Le attuali alte cariche lo sanno, ogni condanna del governo contro di lui vale una condanna della massa contro il governo. Ogni avversione, un contraccolpo, potente e deciso, dannato a loro avversari. Khan ne è ugualmente consapevole, lui (il suo popolo) è  potentissimo. E lo ha dimostrato quando, disceso dall’incarico,  ha boato “presente”; protestando di faccia all’opposizione.

Così, ora, considerato il contesto di pregressi, si teme una replica rincrudita. Una “denuncia per denuncia” ai riferimenti di Imran, rende tutto criticamente instabile, tumultuando chi la trova ingiusta.



Imran Khan, una “denuncia per denuncia”

Khan, il 20 agosto, a Islamabad, ha tenuto un discorso innanzi ai suoi parteggiatori usando esplicite parole di denuncia. L’uomo ha dichiarato all’uditorio la presunzione che il capo della polizia, assieme a una magistrata, abbiamo torturato un suo ex stretto collaboratore, Shahbaz Gill, in detenzione dal 10 agosto.

Poi, Khan, il 21 agosto, a Rawalpindiha ribadito l’assunto vociandolo a una folla di ascoltatori. “Il 25 maggio, quando la polizia ha perpetrato le violenze contro di noi, le autorità hanno dichiarato di aver agito secondo gli ordini dei loro superiori, il che significa che erano sotto pressione (da parte del governo n.d.r.) per picchiare esponenti del nostro partito” ha detto nell’occasione, siglando l’esposto.
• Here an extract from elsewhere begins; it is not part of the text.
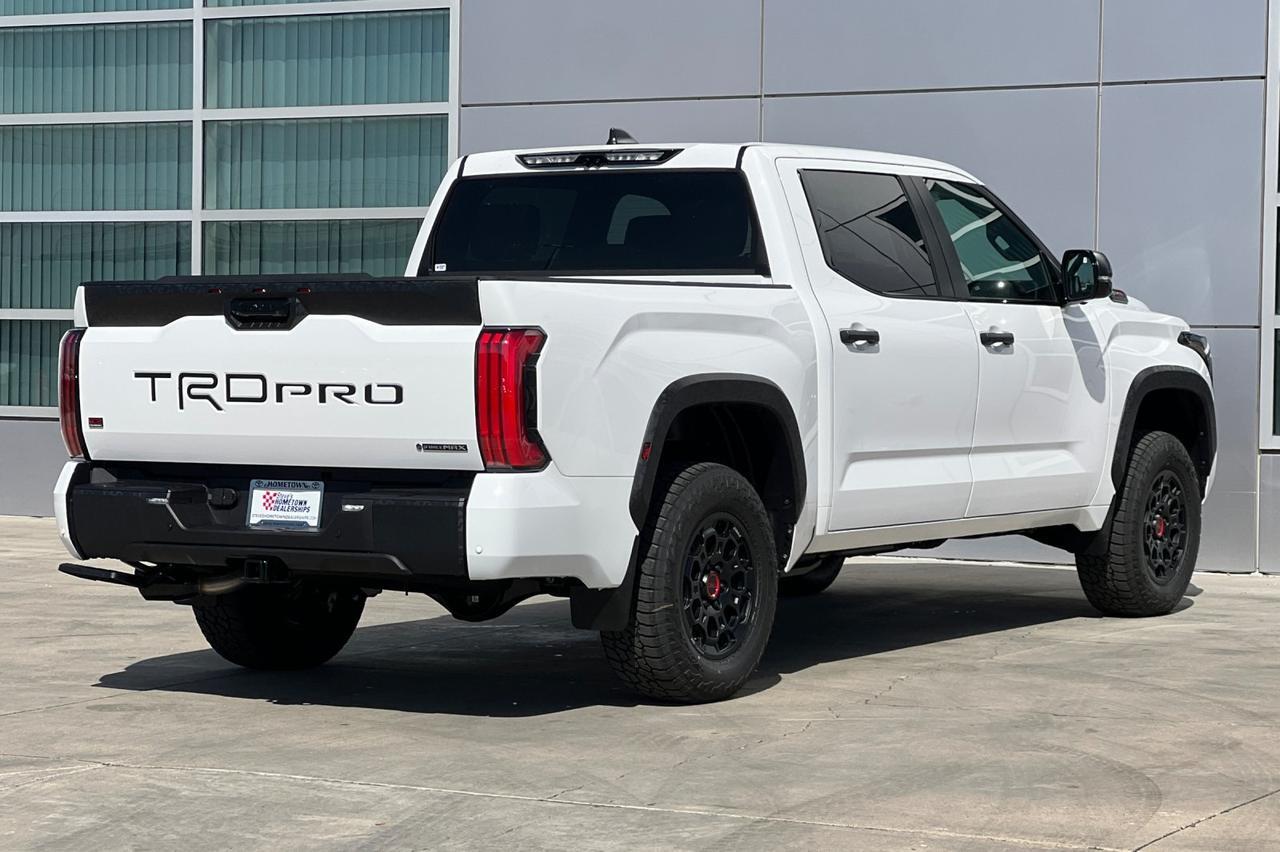 2026 Toyota Tundra Hybrid TRD Pro Ontario OR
Immediata e vigorosa è arrivata la risposta dei contrari. La polizia ha arrestato lo statista, indirizzata  dalla denuncia del leader del partito centrista Pakistan Tehreek-e-Insaf. Nel verbale della presa viene condannato il “tentativo deliberato e illegale di intimidire la magistratura e le forze di polizia del Paese”.  
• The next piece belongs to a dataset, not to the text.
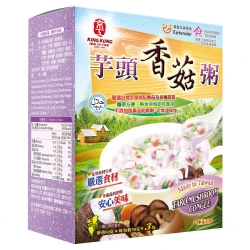 KK29 京工 芋頭香菇粥 30g 3入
Ha fatto seguito alla cattura una grande mossa di censura. L’Organismo di regolamentazione dei media del Pakistan (Pemra) ha imposto il divieto di trasmissione televisiva in diretta dei discorsi di Imran Khan, adducendo alla “violazione dell’articolo 19 della Costituzione”.
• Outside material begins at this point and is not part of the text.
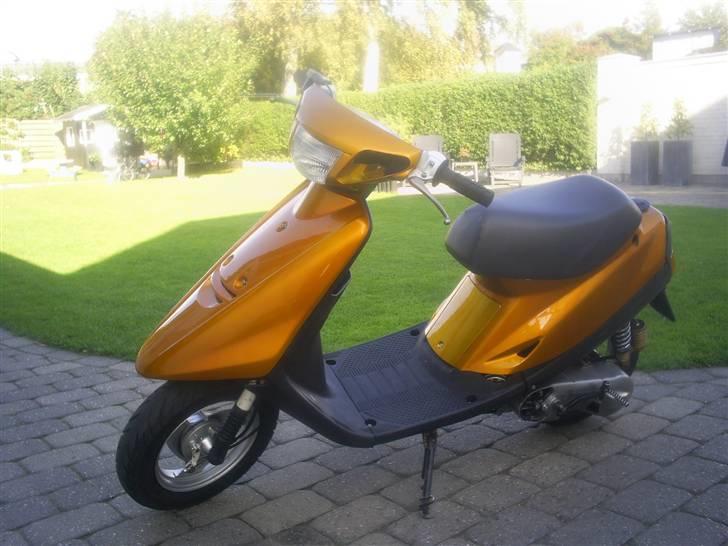 Yamaha Jog as byttet billede 6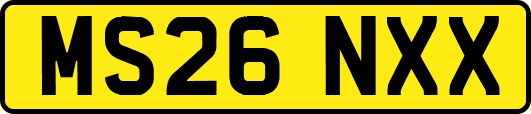 MS26NXX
Ribellione, la scossa del proibizionismo

Asad Umar, esponente del partito offeso, ha detto sulla vicenda: “bandire la trasmissione televisiva dei discorsi di Imran Khan è un altro tentativo di trovare una soluzione amministrativa a un problema politico“, giurando, poi, l’impegno di una contropartita in tribunale.

Mentre il capo è in processo, si sta agitando, come pronosticato, la sua lauta fazione. Giovani e meno giovani hanno dato il via a minacce d’insurrezioni e  mobilitazioni minatorie. La scarcerazione, oltre alla destituzione, è il nuovo obbiettivo rubricato dai “paladini di Imran Khan”.